The task:
From the line containing "Bright bedroom with" through the final line of the records, reproduce every line exactly.

_ _ _ _

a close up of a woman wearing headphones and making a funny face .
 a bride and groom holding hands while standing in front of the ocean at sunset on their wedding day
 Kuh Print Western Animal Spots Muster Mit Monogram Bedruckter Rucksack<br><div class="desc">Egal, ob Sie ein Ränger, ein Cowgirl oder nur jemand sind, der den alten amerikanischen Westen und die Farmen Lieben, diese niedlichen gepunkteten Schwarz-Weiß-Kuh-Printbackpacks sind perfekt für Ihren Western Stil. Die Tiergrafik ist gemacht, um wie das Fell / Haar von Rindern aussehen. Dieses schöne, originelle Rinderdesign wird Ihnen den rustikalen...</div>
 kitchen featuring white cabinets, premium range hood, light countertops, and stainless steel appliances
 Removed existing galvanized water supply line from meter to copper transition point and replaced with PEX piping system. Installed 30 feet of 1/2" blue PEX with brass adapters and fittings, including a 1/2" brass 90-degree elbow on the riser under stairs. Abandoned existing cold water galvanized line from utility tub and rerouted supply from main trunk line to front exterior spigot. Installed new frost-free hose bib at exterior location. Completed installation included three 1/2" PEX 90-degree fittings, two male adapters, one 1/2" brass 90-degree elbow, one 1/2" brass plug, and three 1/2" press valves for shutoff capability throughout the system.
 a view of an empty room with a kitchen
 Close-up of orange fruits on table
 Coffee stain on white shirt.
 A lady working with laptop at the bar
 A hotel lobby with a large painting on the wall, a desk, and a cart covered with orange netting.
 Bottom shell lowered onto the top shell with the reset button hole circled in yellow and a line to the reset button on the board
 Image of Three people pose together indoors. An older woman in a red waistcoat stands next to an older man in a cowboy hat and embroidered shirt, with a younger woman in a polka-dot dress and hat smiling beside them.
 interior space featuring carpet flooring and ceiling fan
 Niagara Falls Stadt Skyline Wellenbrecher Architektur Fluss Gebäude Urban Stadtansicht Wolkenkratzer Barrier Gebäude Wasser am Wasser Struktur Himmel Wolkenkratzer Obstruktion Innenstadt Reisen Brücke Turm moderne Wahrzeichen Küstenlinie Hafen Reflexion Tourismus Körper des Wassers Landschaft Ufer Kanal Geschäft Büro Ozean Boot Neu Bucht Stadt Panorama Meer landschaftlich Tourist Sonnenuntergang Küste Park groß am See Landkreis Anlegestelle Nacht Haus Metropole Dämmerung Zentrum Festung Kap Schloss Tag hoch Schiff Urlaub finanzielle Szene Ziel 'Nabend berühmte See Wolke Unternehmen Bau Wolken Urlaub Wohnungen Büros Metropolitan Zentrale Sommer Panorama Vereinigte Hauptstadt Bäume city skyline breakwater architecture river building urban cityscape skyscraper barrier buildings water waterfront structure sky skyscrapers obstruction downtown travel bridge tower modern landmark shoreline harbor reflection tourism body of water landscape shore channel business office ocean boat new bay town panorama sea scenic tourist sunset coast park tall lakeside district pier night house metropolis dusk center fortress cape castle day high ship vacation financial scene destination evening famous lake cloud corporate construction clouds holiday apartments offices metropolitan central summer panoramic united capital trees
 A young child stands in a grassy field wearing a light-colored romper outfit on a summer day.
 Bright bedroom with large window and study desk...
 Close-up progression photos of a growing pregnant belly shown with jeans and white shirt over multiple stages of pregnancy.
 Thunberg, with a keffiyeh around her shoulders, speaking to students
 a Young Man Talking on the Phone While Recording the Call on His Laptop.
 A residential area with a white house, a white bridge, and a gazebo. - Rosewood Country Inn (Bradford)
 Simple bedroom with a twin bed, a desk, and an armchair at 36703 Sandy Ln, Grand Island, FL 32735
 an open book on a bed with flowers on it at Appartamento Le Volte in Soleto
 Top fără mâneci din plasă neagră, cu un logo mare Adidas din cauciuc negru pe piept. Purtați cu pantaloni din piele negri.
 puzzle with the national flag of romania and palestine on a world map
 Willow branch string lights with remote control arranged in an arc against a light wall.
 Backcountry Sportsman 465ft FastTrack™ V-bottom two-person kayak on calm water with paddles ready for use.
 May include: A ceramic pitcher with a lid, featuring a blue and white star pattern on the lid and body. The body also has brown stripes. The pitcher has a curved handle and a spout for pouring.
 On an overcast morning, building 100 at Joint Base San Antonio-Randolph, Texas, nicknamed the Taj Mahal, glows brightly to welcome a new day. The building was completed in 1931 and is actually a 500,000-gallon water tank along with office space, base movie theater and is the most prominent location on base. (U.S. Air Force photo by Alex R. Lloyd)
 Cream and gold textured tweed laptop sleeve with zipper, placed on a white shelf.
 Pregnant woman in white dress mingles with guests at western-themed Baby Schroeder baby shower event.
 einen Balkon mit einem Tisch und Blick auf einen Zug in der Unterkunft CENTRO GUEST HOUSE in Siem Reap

_ _ _ _

Response area:
 Bright bedroom with large window and study desk...
 Close-up progression photos of a growing pregnant belly shown with jeans and white shirt over multiple stages of pregnancy.
 Thunberg, with a keffiyeh around her shoulders, speaking to students
 a Young Man Talking on the Phone While Recording the Call on His Laptop.
 A residential area with a white house, a white bridge, and a gazebo. - Rosewood Country Inn (Bradford)
 Simple bedroom with a twin bed, a desk, and an armchair at 36703 Sandy Ln, Grand Island, FL 32735
 an open book on a bed with flowers on it at Appartamento Le Volte in Soleto
 Top fără mâneci din plasă neagră, cu un logo mare Adidas din cauciuc negru pe piept. Purtați cu pantaloni din piele negri.
 puzzle with the national flag of romania and palestine on a world map
 Willow branch string lights with remote control arranged in an arc against a light wall.
 Backcountry Sportsman 465ft FastTrack™ V-bottom two-person kayak on calm water with paddles ready for use.
 May include: A ceramic pitcher with a lid, featuring a blue and white star pattern on the lid and body. The body also has brown stripes. The pitcher has a curved handle and a spout for pouring.
 On an overcast morning, building 100 at Joint Base San Antonio-Randolph, Texas, nicknamed the Taj Mahal, glows brightly to welcome a new day. The building was completed in 1931 and is actually a 500,000-gallon water tank along with office space, base movie theater and is the most prominent location on base. (U.S. Air Force photo by Alex R. Lloyd)
 Cream and gold textured tweed laptop sleeve with zipper, placed on a white shelf.
 Pregnant woman in white dress mingles with guests at western-themed Baby Schroeder baby shower event.
 einen Balkon mit einem Tisch und Blick auf einen Zug in der Unterkunft CENTRO GUEST HOUSE in Siem Reap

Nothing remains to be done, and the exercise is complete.